Two trials were conducted to understand principles people use to judge gesture similarity. In the first trial of the gesture similarity experiments, a set of widely diverse gestures were shown to participants on the monitor in triads (groups of three gestures). All possibilities were generated randomly, and the participants had to choose the least similar-looking gesture to them. The goal of the experiment was to determine measurable similarity properties of gestures and to produce a model of gesture similarity. From the MDS plots, short, wide gestures registered as similar to narrow, tall ones, and both types differed from square ones. Angle of bounding box contrasted thin and square gestures, but not tall vertical and short horizontal ones. Aspect features were created to represent this.

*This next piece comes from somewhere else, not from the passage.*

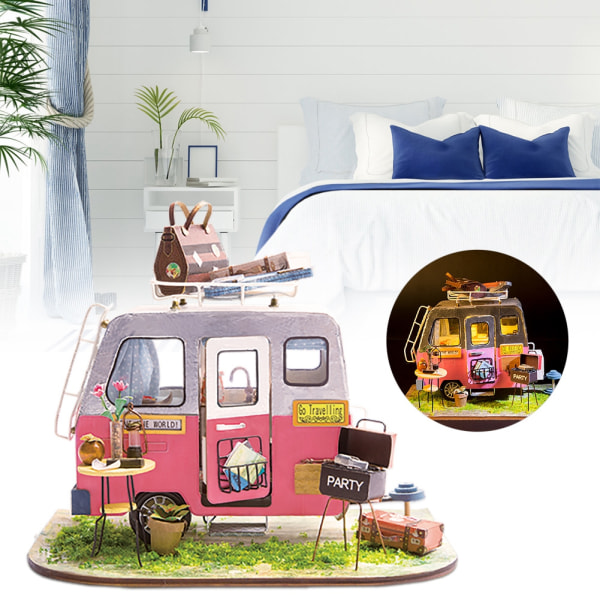 DIY Doll House Söt Dollhouse Miniatyr DIY Travel Car Kit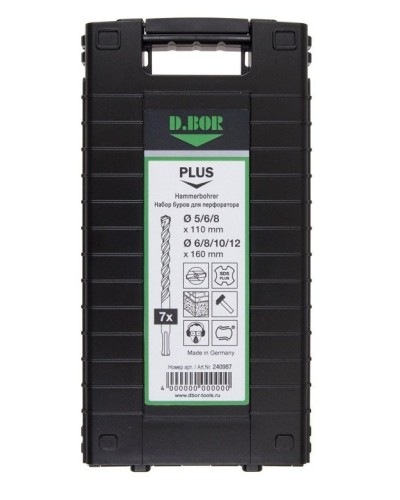 Набор буров SDS-plus V PLUS 7шт, 2-cutting (240987). Набор буров SDS-plus (5,6,8х110 мм; 6,8,10,12х160 мм). D.BOR в Махачкале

For the second trial, three new gestures sets were designed to explore: 1) total absolute angle and aspect, 2) length and area, and 3) rotation-related features such as cosine and sine of total angle. In addition, relative importance of the features were being tested. The procedure and analysis used in this trial was similar to the one used in the previous one. For the results in determining similarity, the significance of the absolute angle couldn’t be determined in the first set, neither length nor area were significant in the second set, and gestures with horizontal and vertical lines were perceived more similar than diagonal lines.

Based on both trials, length and area were insignificant features in judging similarity, while the logarithm of aspect were more significant than the aspect itself. Both similarity experiments resulted in different similarity models, but the researchers prefer the model from the first trial since it was a slightly better similarity predictor.

Discussion:
I found the advice timing aspect of the user interface challenges in the first paper quite humorous. For some reason, the problem of when to display unsolicited advice reminds me a lot of the paper clip from older versions of Microsoft Office applications. That paper clip was so annoying. I can understand the difficulties the authors faced in trying to balance user convenience with program accuracy.

For the second paper, there were two areas that the authors brought up in the without going into much detail. I’m not exactly sure why it was omitted in the paper, because they seemed quite relevant. The first area concerned the gestures created by one of the authors for the two trials. According to the paper, the gestures were created based on one of the author’s personal intuition of spanning a wide range of possible gesture types and differences in orientation. I wish there was more elaboration on the specifics behind those gestures, since the trials were based on their uses. The second area concerned the results of the trials. According to the authors, the differences of the participants’ results from the first trial split into two different groups. The authors mentioned analyzing those groups, but didn’t mention what those differences were (to my knowledge). A pity they left out that information as well.